はじめに|お香のある夜、心がほどける
寒い夜、湯たんぽを抱えて布団に入る前に、こじゃけ家では小さなお香を焚きます。ふわっと立ちのぼる香りに包まれると、心がすっと静かになって、今日という一日がやさしく終わっていくような気がするのです。
今回は、そんな「お香と過ごす夜のリラックス時間」をテーマに、香りの効果や地域性、冬におすすめの香りなどを特集します。おうち時間をもっと心地よくしたい方に、ぜひ読んでいただきたい内容です。
お香の魅力|“香り”は心と身体に届く
お香は、ただ良い香りがするだけではありません。香りは脳の「大脳辺縁系」に直接働きかけ、感情や記憶、自律神経に影響を与えると言われています。
- 沈静・安眠:ラベンダー、白檀、カモミールなど
- 気分転換:柑橘系、ミント、ユーカリなど
- 集中力アップ:ローズマリー、ヒノキ、シナモンなど
香りを選ぶときは、「今の自分がどんな気分になりたいか?」を基準にすると、ぴったりの香りに出会えます。
香りの地域性|土地に根ざした“香りの文化”
日本各地には、その土地ならではの香りの文化があります。お香もまた、地域の気候や風土、信仰と深く結びついてきました。
● 京都|伝統の香木文化
平安時代から続く香道の文化が根づく京都では、白檀や沈香などの香木を使った上品な香りが好まれます。和室や畳にぴったりの落ち着いた香りです。
● 奈良|薬草の香り
古くから薬草文化が栄えた奈良では、丁子(クローブ)や桂皮(シナモン)など、薬効のある香りが多く使われてきました。
● 沖縄|月桃(げっとう)の葉
沖縄では、月桃の葉を乾燥させて焚く文化があります。爽やかでスパイシーな香りは、虫除けや浄化にも使われてきました。
冬におすすめの香り|こじゃけ家の“夜のお香”セレクション
寒い季節には、心と身体をあたためてくれるような香りがぴったり。こじゃけ家でよく焚く、冬におすすめの香りをご紹介します。
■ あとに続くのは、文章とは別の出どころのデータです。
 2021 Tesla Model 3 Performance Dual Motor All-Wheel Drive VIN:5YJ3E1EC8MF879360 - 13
- 白檀(びゃくだん):甘くて落ち着いた香り。心を静め、深い呼吸を促します。
- 桂皮(けいひ):シナモンのようなスパイシーな香り。冷えた体にぬくもりを。
- 柚子:ほのかな酸味と甘さが混ざった香り。冬至の夜にぴったり。
- 乳香(フランキンセンス):深い森のような香りで、瞑想やヨガにも◎
- 焙じ茶:お茶の香ばしさが心をほっとさせてくれます。
お香の楽しみ方|こじゃけ家の夜のルーティン
こじゃけ家では、夜の静かな時間にお香を焚くのが日課です。お気に入りの香立てに火を灯し、湯たんぽを用意して、照明を少し落とす。香りが部屋に広がるころには、自然と呼吸も深くなり、心が整っていきます。
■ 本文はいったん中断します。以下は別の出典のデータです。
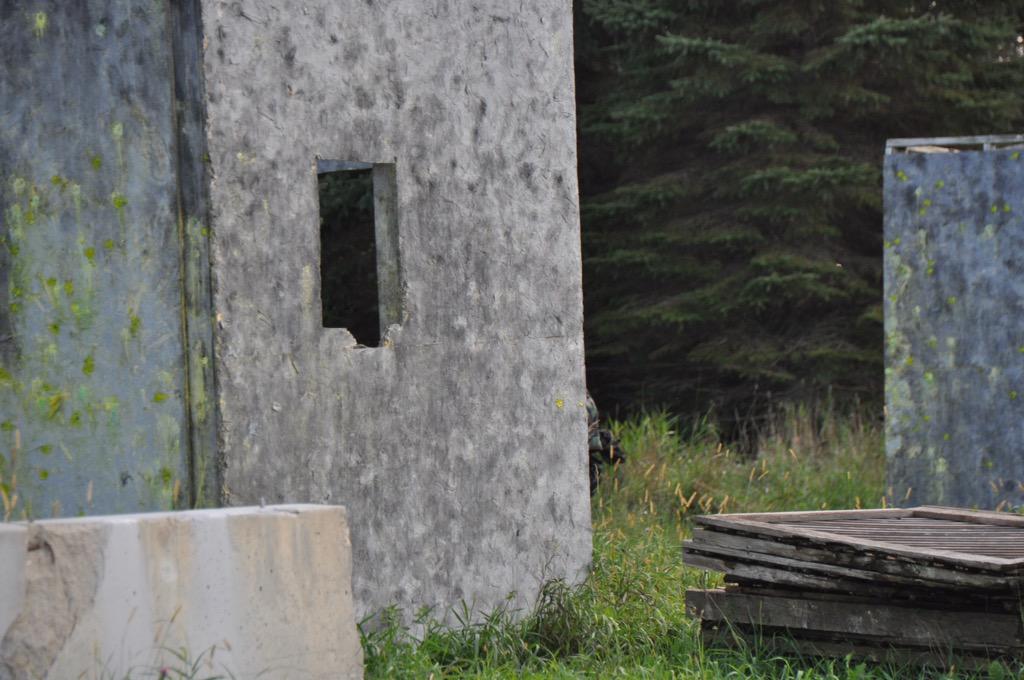PbVelocity's tweet photo. #MNProPaintball http://t.co/YSJNBnmbyX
ポイントは「香りを感じようとしすぎないこと」。ただそこに香りが“ある”という感覚が、心をゆるめてくれます。
まとめ|香りは、暮らしのリズムを整える
お香は、特別な道具がなくても始められる“香りの習慣”。忙しい日々の中で、ほんの数分でも香りに包まれる時間を持つことで、心と身体のリズムが整っていきます。
この冬は、ぜひお気に入りの香りを見つけて、夜の時間をもっと心地よくしてみてくださいね。こじゃけ家も、今夜もまた、白檀の香りとともに眠りにつきます。